'Tension' - Drive
Oddkins - wrote on 02/16/13
If at any point you wanted to put put Drive on pause, you would be presented with something suitable for framing as a poster on the wall. Every shot in this movie is immaculately conceived and presented. Much in the same way as Quentin Tarantino, Nicolas Winding Refn lets his shots play - and play they do. The cinematography in the movie is staggering. It's as close to a perfect presentation if ever there was one.
The thing about Drive that seems to divide people one way or the other is... well, that it's very nearly on the edge of being a boring movie. However when you examine the characters and dialogue - especially on repeated viewings - there is always something... else, going on. A nuance that the director doesn't necessarily want to thrust into your face or another thing that informs the movie in a significant and quiet way. The act of watching the film requires complete participation from the viewer and thusly is going to leave some people wanting as the experience here is anything but 'hyperkinetic action' throughout.
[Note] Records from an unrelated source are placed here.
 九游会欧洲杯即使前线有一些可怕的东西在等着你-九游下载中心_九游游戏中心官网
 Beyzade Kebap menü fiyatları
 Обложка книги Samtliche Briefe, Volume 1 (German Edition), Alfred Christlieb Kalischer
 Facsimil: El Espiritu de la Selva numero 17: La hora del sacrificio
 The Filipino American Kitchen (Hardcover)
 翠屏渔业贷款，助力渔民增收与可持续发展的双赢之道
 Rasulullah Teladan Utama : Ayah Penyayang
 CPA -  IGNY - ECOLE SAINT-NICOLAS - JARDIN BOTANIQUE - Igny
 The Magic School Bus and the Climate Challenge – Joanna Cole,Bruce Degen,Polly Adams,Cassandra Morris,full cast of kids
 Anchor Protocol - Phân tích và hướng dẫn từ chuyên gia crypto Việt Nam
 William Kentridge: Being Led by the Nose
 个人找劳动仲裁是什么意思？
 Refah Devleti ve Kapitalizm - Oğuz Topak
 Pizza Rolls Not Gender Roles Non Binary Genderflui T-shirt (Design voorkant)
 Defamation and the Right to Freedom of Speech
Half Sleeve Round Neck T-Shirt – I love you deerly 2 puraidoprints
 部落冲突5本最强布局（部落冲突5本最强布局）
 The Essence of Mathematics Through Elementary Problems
Ryan gosling turns in a spectacular performance as 'Driver' here. With very little dialogue he manages to convey everything he needs to via his facial expressions and mannerisms. This role could not have been played any other way and by any other actor.
Drive is a classic example of showing and not telling. Almost everything about the movie is suggested to the viewer through the visuals, music and the general ebb and flow of the film.
If you like Pop music, Photography, Tension, Quiet Storytelling (Think of the pacing of a Western) and characters that live in that area of grey that is open to interpretation. Then you are gonna dig Drive. If not, you may be in some trouble.
One part character study. One part romance. Smaller part action film, Drive is all about feeling your way through the experience. A movie that surely will be used for demonstration purposes in film school circuits.